Image-based monument identification is very much demanding task due to the variability of lighting conditions, viewpoints, and occlusions. Deep learning-based methods have significantly improved in classifying and recognizing images, and they are now more frequently employed to identify monuments. The current development in deep learning-based monument recognition is given in this literature study paper. The many methods for feature extraction, categorization, and model fine-tuning are described. We also discuss the field\'s limitations and potential developments, including the need for larger, more diversified datasets and the investigation of more sophisticated deep learning methods. Overall, this work offers a thorough summary of the state-of-the-art for deep learning-based image-based monument recognition and provide sustainable growth towards identifying and understanding about ancient historical monument identification.
Introduction
he text discusses the use of deep learning, particularly convolutional neural networks (CNNs), to automate the identification of monuments from images, a task important in tourism, history, and cultural heritage. Manual monument identification is time-consuming and requires expertise, so automated deep learning-based methods can improve accuracy and efficiency.

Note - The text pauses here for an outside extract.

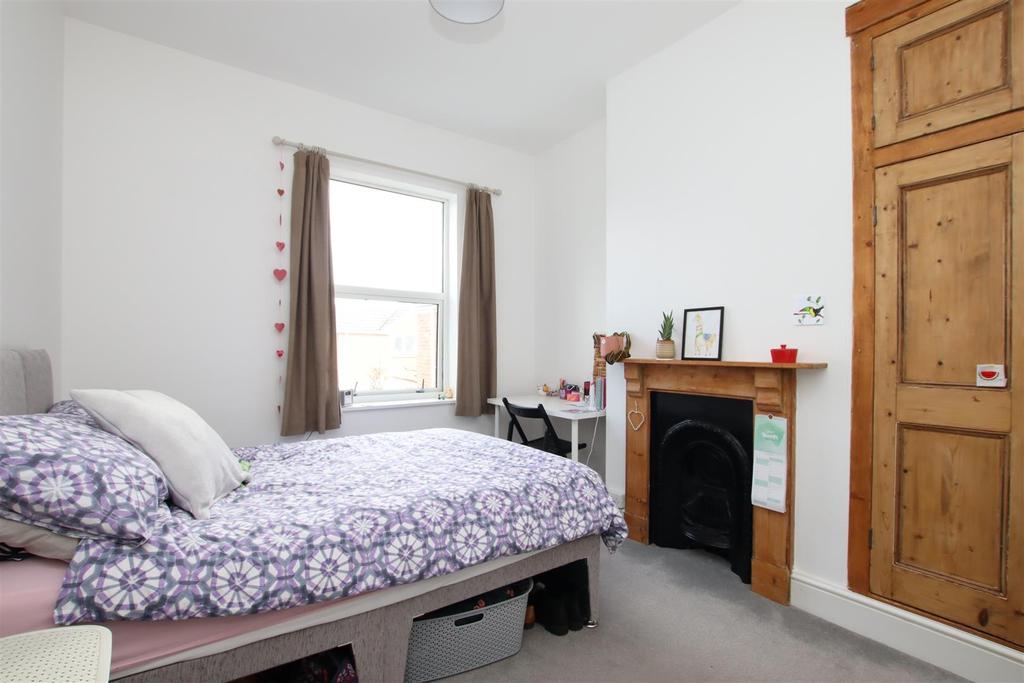 Bedroom 3.JPG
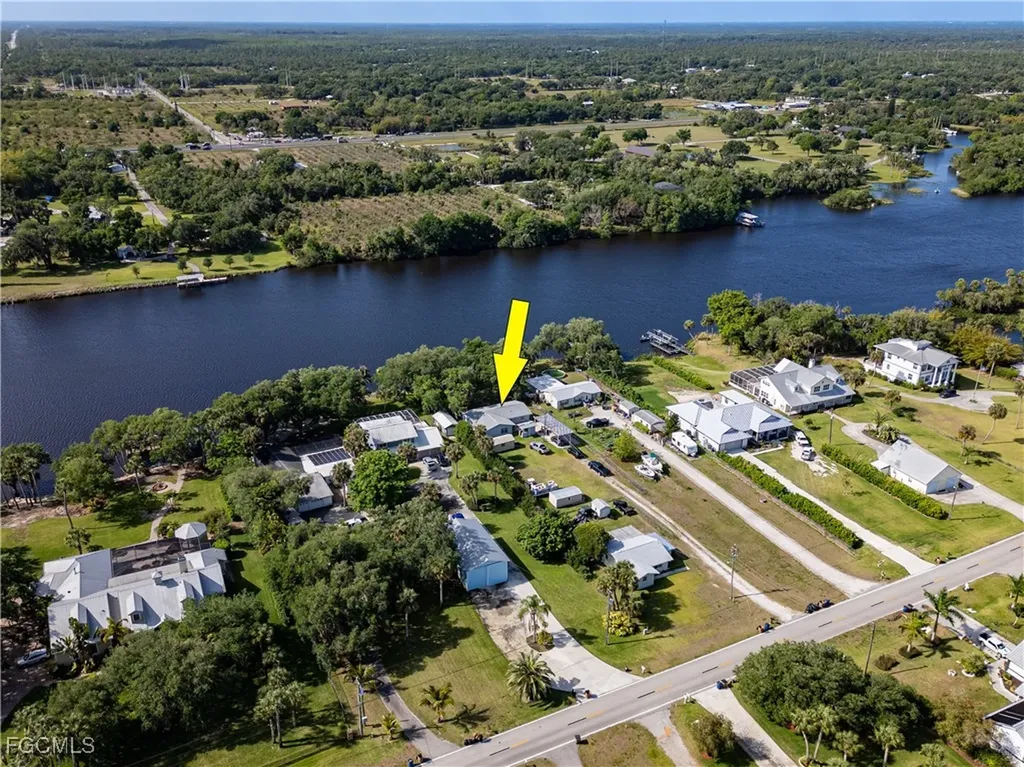 21900 Pearl Street Alva FL 33920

The literature survey reviews various recent approaches using CNNs, encoder-decoder models, LSTMs, and object detection techniques like Faster R-CNN and YOLO, highlighting achievements such as high classification accuracy (up to ~98%) and improved captioning metrics. Several models are evaluated on different datasets, with future work suggested on mobile applications, larger and more diverse datasets, and enhanced semantic understanding.
Deep learning is characterized by its ability to learn hierarchical data representations automatically, handle raw inputs end-to-end, and scale with computational resources. Transfer learning and challenges such as interpretability, overfitting, and data requirements are also discussed.
Applications of deep learning extend beyond monument recognition into fields like computer vision, NLP, healthcare, finance, autonomous systems, and environmental monitoring.
Popular deep learning frameworks include TensorFlow, PyTorch, Keras, Caffe, and MXNet. The text also addresses key issues like the need for large datasets, high computational costs, interpretability challenges, vulnerability to adversarial attacks, and ethical concerns.
Performance evaluation metrics for monument identification models include accuracy, precision, recall, F1-score, confusion matrices, and ROC-AUC.
Finally, several publicly available landmark image datasets are listed, such as the Google Landmarks Dataset, UNESCO World Heritage Sites Dataset, Flickr Landmark Dataset, and others covering landmarks from cities like Aachen, Rome, and Tokyo.
Conclusion
In conclusion, the survey paper on monument identification from an image using deep learning presents a comprehensive overview of the advancements, methodologies, and challenges in this field. Through an extensive review of relevant literature, several key findings and insights have emerged. Despite the significant progress, there are still challenges and limitations in monument identification from images using deep learning. Overall, the survey article shows the potential of deep learning for identifying monuments from photos and lays the groundwork for more investigation and advancement in this fascinating area. For scholars, practitioners, and stakeholders interested in using deep learning techniques for automated monument recognition and categorization, it is an invaluable resource.